Aim of the task:
The records are set out below this line. Return exactly the lines from the one containing "Zenith House Boston" through the last, and exclude the pictures.
================
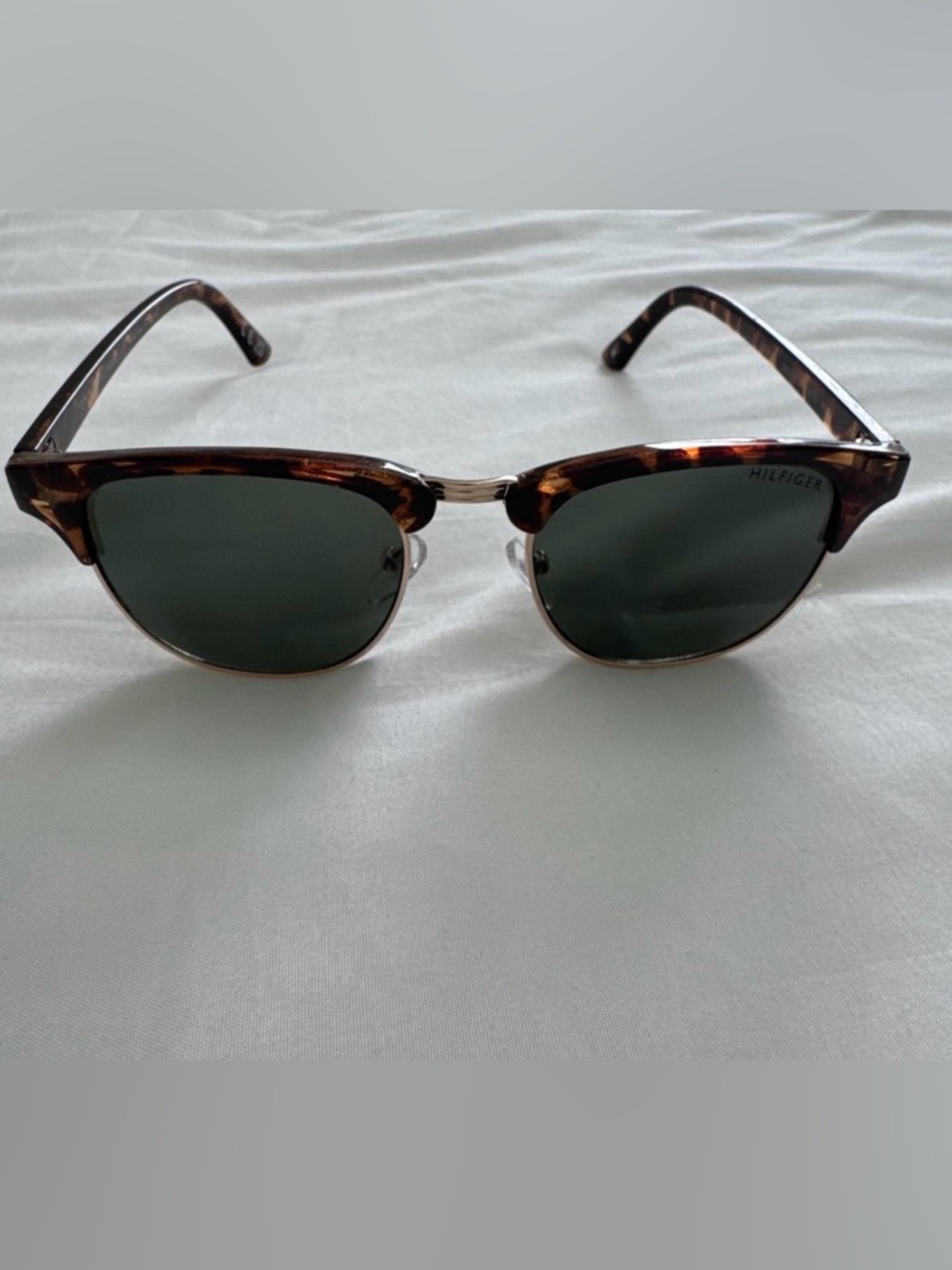 Tommy Hilfiger Tortoiseshell Frame Sunglasses with Dark Green Lenses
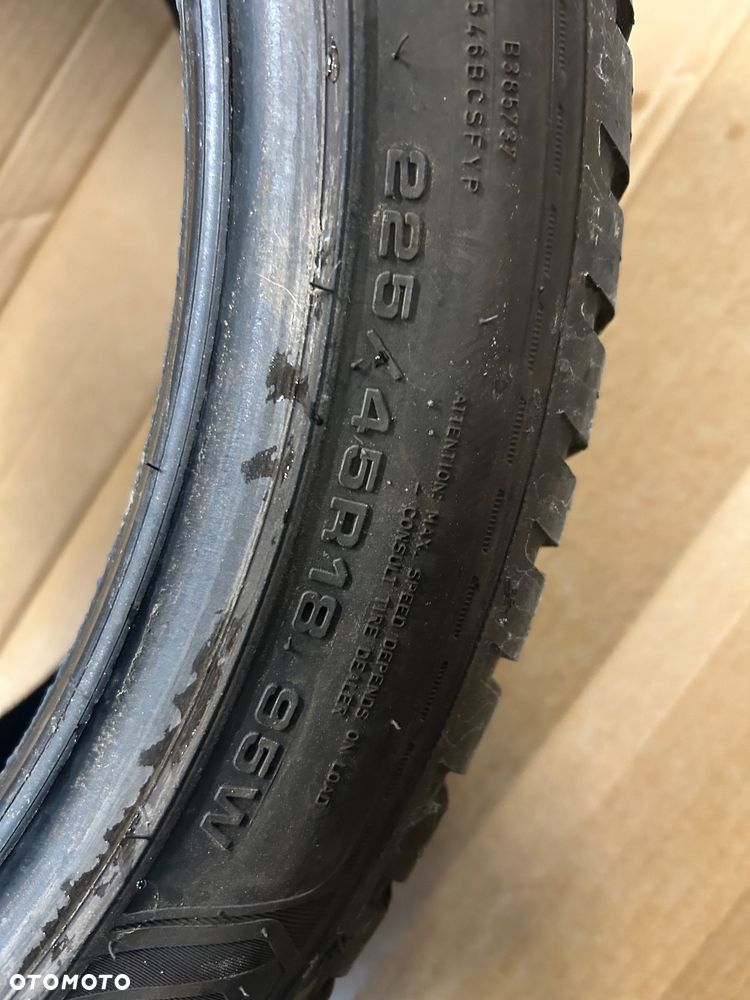 Opona 225/45/18 GoodYear VECTOR 4Seasons gen 3 21r - 3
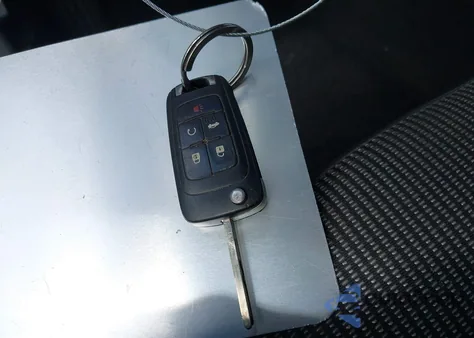 2015 Chevrolet Malibu 1Lt из США, поврежденный, VIN 1G11C5SL9FF332369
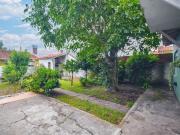 venta casa 3 y 4 ambientes con parque y cochera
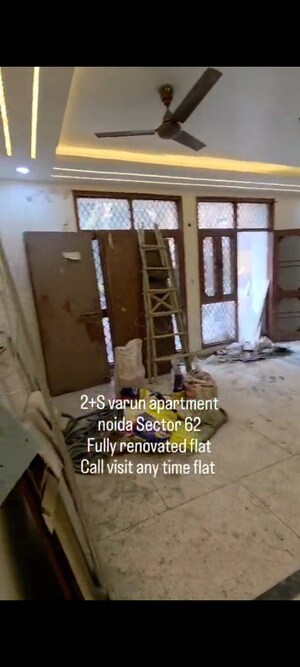 Staircase in 2.5 BHK Apartment at Varun Apartment Noida, Sector 62 – for Sale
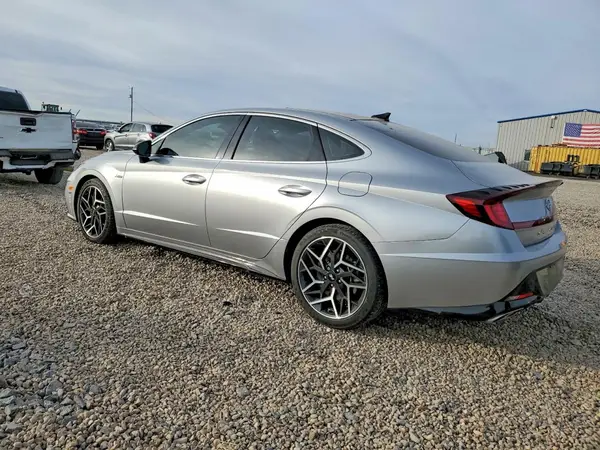 5NPEK4JC8MH128883 2021 HYUNDAI SONATA - Image 2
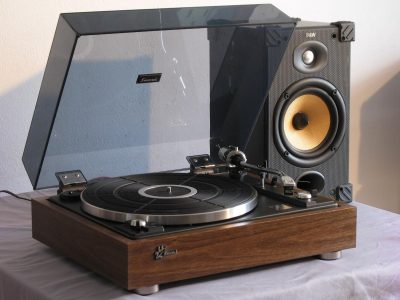 山水 SANSUI SR-212 黑胶唱机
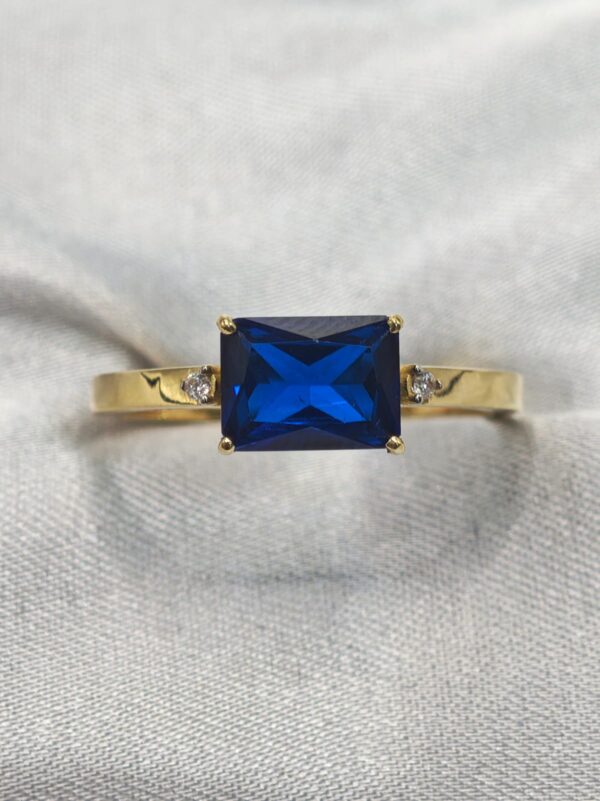 Anel Ouro 18K 4 Garras Zircônias Azul e Brancas - Image 4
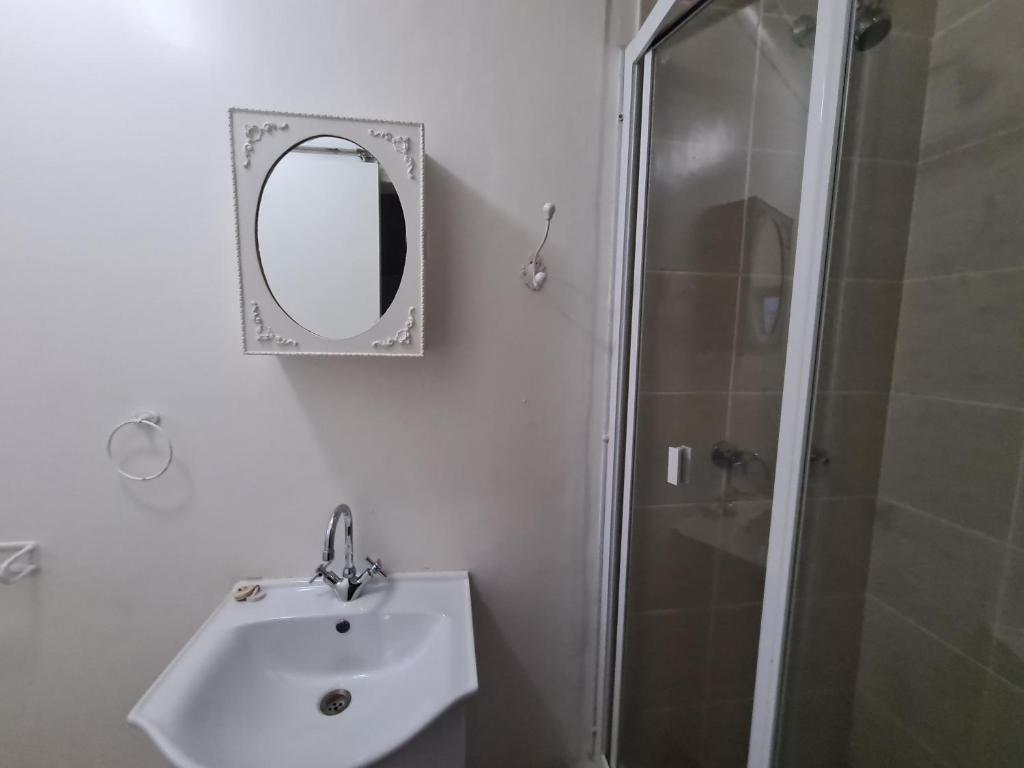 Zenith House Boston Self Catering Accomodation - Tap to explore photos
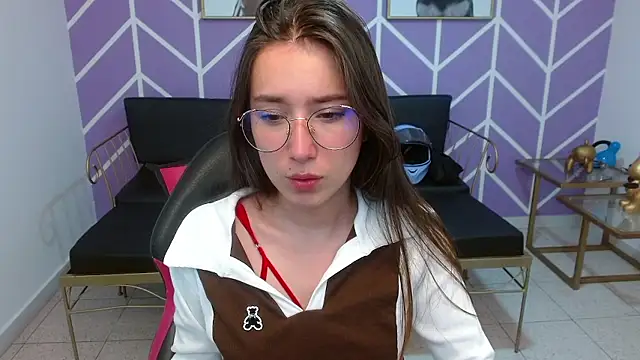 Adhara Kitten online show from January 14, 2026, 12:42 pm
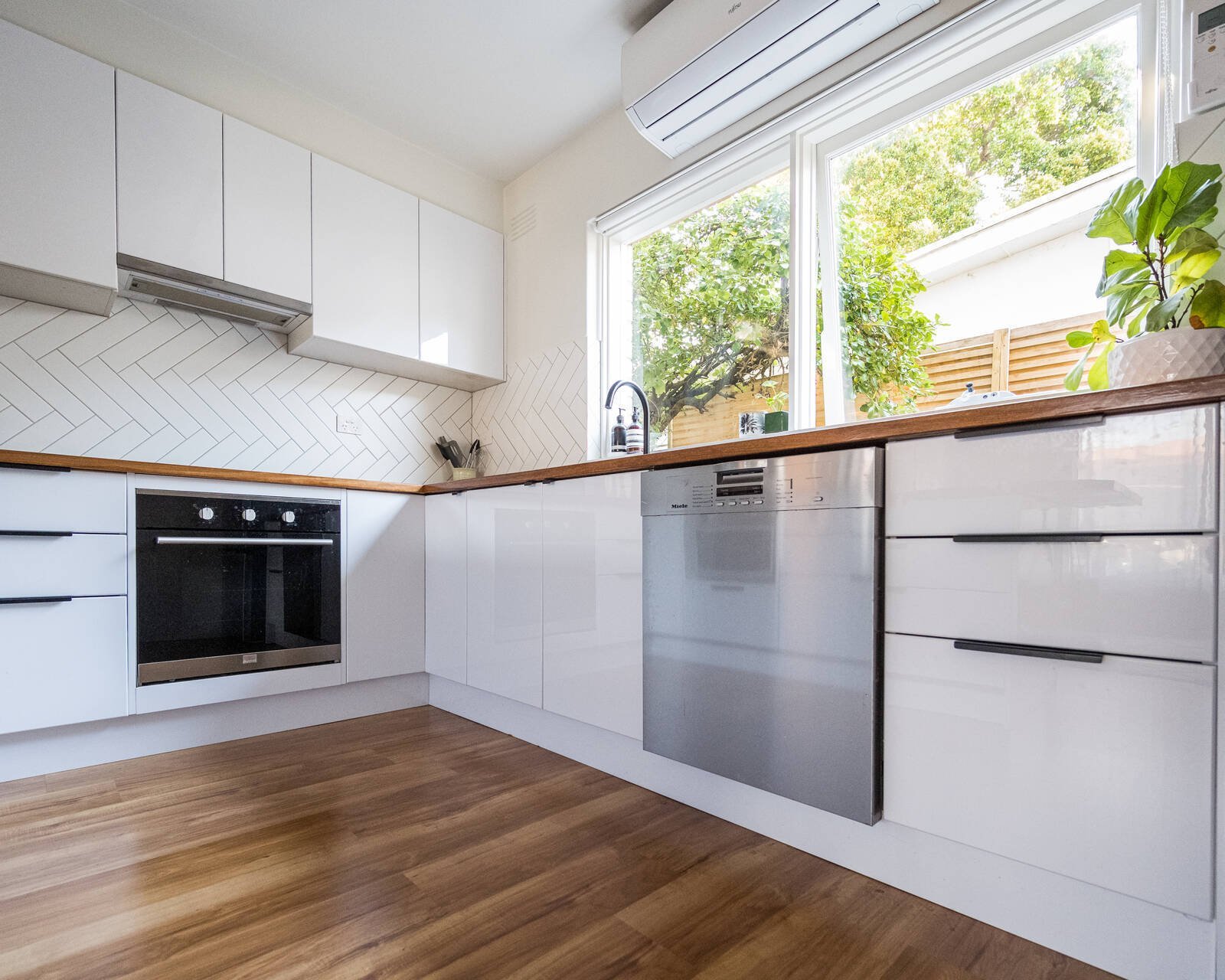 Gallery: 4/20 Hawson Avenue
================
The answer:
 Zenith House Boston Self Catering Accomodation - Tap to explore photos
 Adhara Kitten online show from January 14, 2026, 12:42 pm
 Gallery: 4/20 Hawson Avenue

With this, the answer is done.